This is a really important judgment. There is a full transcript here on Baili and a useful summary on is here on Nearly Legal. It shows just how far the Courts and the law on temporary accommodation for homelessness families have evolved since the days of R v Hillingdon LBC ex p Puhlhofer [1986] AC 484, HL and just how great the impact of the Homelessness Reduction Act 2017 giving rise to and a new landscape.
Back in 1986 the Supreme Court (or House of Lords as it then was) held in Puhlhofer held that it was enough for a local authority to offer a homeless applicant something which could be described as accommodation however unsuitable the applicant might consider it to be. Lord Brightman held that this was in issue which Parliament had intended local authorities to decide. He also expressed concern about what he considered to the inappropriate "prolific use of judicial review' in this area. The decision in Puhlhofer was so hard that Parliament had to change the law by importing the word suitable into legislation so that the authority had to provide not just accommodation but suitable accommodation. Nevertheless the Courts have traditionally followed Puhlhofer in finding that it was for the local authority and not the court to decide what was suitable. In recent years this approach has been undermined by three significant introductions to the legal landscape:-
- Section 11 of the the Children Act 2004 which places a duty on public bodies to consider the well being of children when carrying out their functions. For details see the section on it in the Statutory Guidance - Working Together to Safeguard Children: July 2018
- Section 149 of the Equality Act 2010 which introduced the Public Sector Equality Duty which places a similar duty on public bodies to eliminate discrimination, advance equality and foster good relations for disabled persons. This case did not involve the Public Sector Equality Duty but its impact on the law on suitability of accommodation can be seen from the case of Lomax v Gosport Borough Council [2018]
- Section 189A of Housing Act 1996 (as imported by the Homelessness Reduction Act 2017) which requires local authorities to carry out and keep under review a detailed assessment of the housing needs of homeless applicants and to draw up a Personal Housing Plan for the applicant which needs to be agreed and kept under review. For details Section Chapter 11 of the Homelessness Code of Guidance.

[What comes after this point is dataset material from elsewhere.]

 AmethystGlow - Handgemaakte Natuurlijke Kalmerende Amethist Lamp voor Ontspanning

The result of these changes is that in 2017 we have the Administrative Court holding that Lambeth had acted unlawfully in providing accommodation for a family as far away as Tilbury and that / because they had failed to take a series of necessary steps before concluding that the accommodation was suitable. The approach taken by Lambeth in this case represents the traditional approach taken by local authorities to providing temporary accommodation which is to find a place without considering the suitability of the accommodation or the objections of the applicant to it in detail. The background to this approach has been that local authorities only have limited housing stock with which to meet a high demand for accommodation. There is an unspoken belief that any disruption experienced by the applicant and their family is the result of the applicant for becoming homeless in the first place. Thus, applicants are expected to find new schools for their children in the area where the local authority places them even if they have to change schools again after that if they have to move again.

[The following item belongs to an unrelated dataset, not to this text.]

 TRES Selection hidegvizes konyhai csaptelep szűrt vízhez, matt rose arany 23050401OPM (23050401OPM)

The judgment shows that local authorities behaving in this way can expect to have their decisions successfully challenged. It is therefore essential for local authorities and those assisting people who apply to those authorities are aware of the the new standards by which offers of accommodation and the process surrounding offers being made and reviewed will be judged. Until recently it was common for housing solicitors (me included) to be reluctant to take on cases involving challenges to the suitability of accommodation offered to homeless persons. There was a sense that the challenges would almost certainly fail as the Judge would be likely to uphold the traditional position that suitability was for the council to determine. This led to a situation where homeless applicants could be treated much like farmyard animals and moved from stable to stable without consideration of their needs or those of their families. Cases like this mean that this is no longer the case. It seems much easier to challenge decisions such as the one in this case as local authorities are still struggling to adapt to the new requirements and making elementary errors. It will be interesting to see what happens as they do adapt given that they still face the same shortages of resources and won't be able to respond by magically finding suitable accommodation to offer to applicants.

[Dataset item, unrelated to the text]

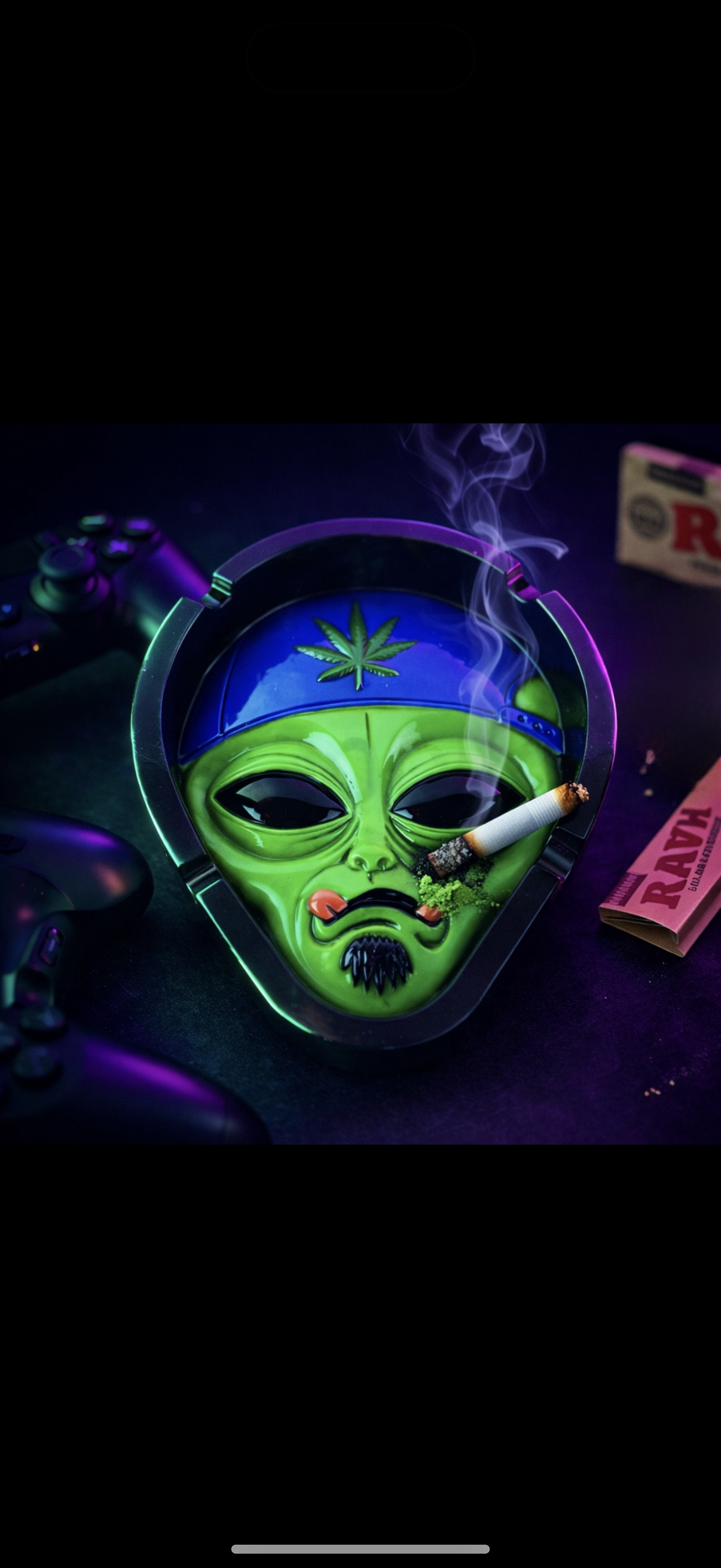 Wise Skies Chilled Out Alien Ashtray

I must mention the detail and quality of Paul Bowen KC's judgment in this case. The judgment only runs to 10 pages but took me a very long time to read due to the need to stop and get my head around the many issues considered in detail. I think that it will be necessary for me to write a number of additional posts to consider the issues arising this in the case in the detail which they deserve. It is also worth noting that Joshua Jackson, counsel for the Claimant in this matter was only called to the bar in 2020 which makes a case of this importance and complexity a major achievement for someone still relatively new to the game.
One last observation is that cases such as this show a further change in the law on homelessness is in the sort of cases which are being reported. For many years most of the big cases in homelessness law were about whether a council could refused to accept a duty to an applicant fort instance because they were not in priority need or were intentionally homeless. This has been changing since the Localism Act 2011 allowed local authorities to discharge their longer term duties to homeless persons by offering them private sector accommodation. Before that they could only offer social housing. There is less pressure on local authorities now to refuse to provide accommodation as they have access private housing stock. The arguments now tend to be about whether the accommodation offered is suitable rather than whether any accommodation should be offered.